Title: Video Content Delivery: The First Quarter Century and Beyond

Speaker: Dr. Ramesh Sitaraman, Distinguished University Professor, UMass Amherst and Chief Consulting Scientist, Akamai Technologies

Abstract: As the video content delivery network turns 25, we look back at its birth in the late 1990s and its subsequent evolution that fundamentally reshaped the Internet. The need to deliver high-performance videos at scale catalyzed the deployment of the edge, setting the stage for cloud and edge computing services.

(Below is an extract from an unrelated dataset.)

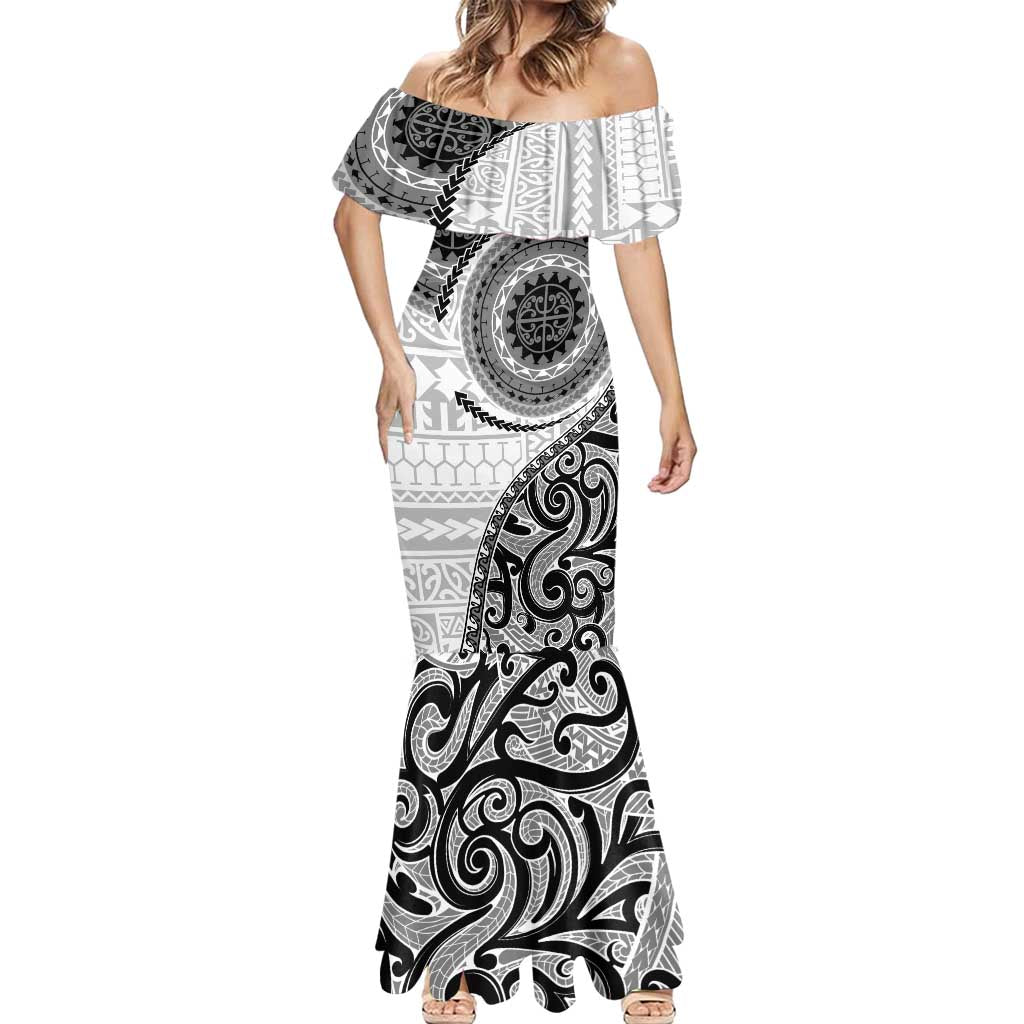 New Zealand White Maori Koru Simple Style Mermaid Dress LT05 - Polynesian Pride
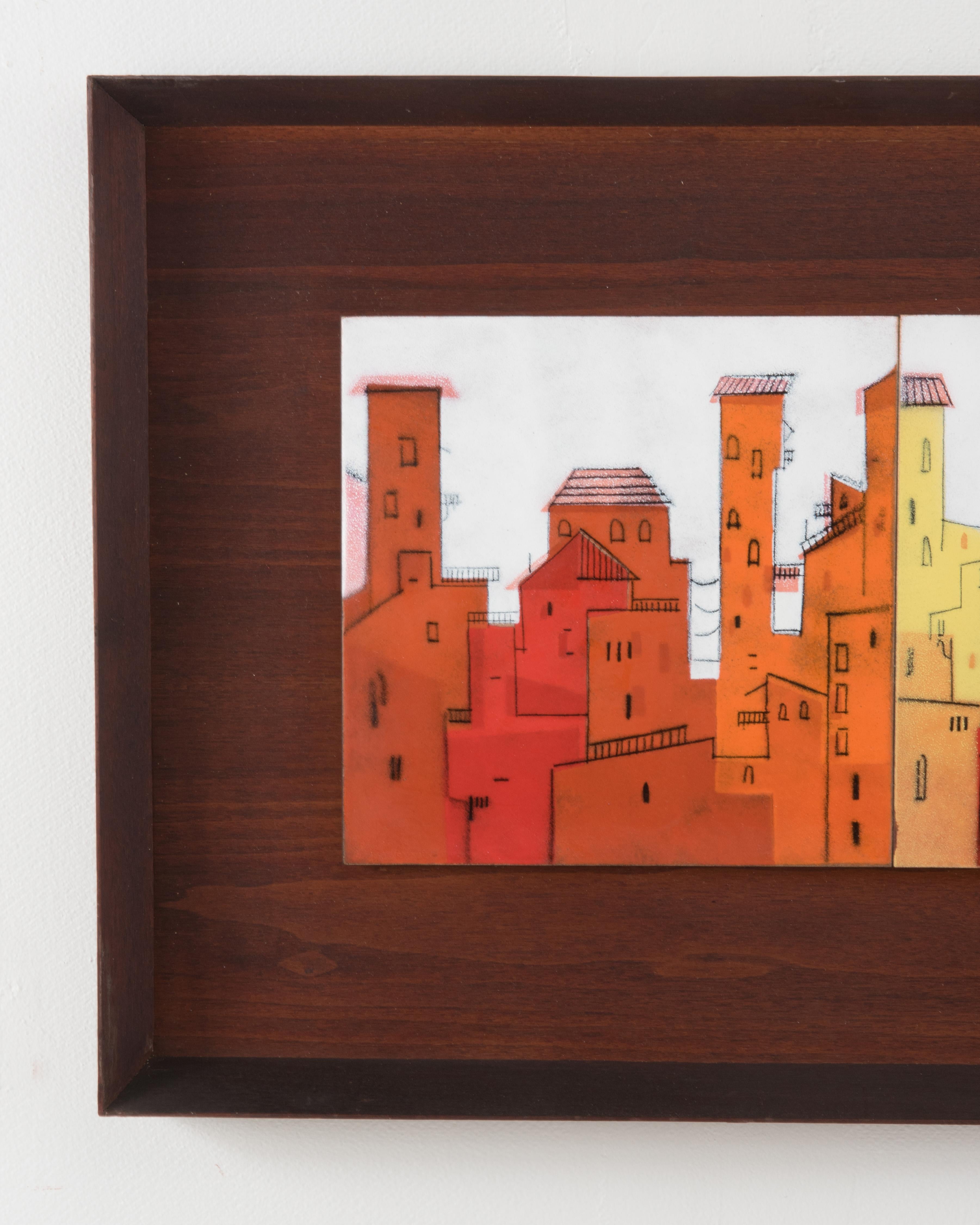 Mid-20th Century 1960s Midcentury Abstract City Architectural Walnut Framed Enamel Tile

The challenge of monetizing online videos led to major innovations in the measurement and optimization of video QoE and the design of cost-optimized video delivery systems. Peeking into the future, the quest to deliver immersive and interactive media experiences over the Internet is an unsolved challenge that drives much of the current research. Further, the rapid growth in the carbon footprint of video delivery requires us to rethink the basics of video delivery with carbon as a first principle.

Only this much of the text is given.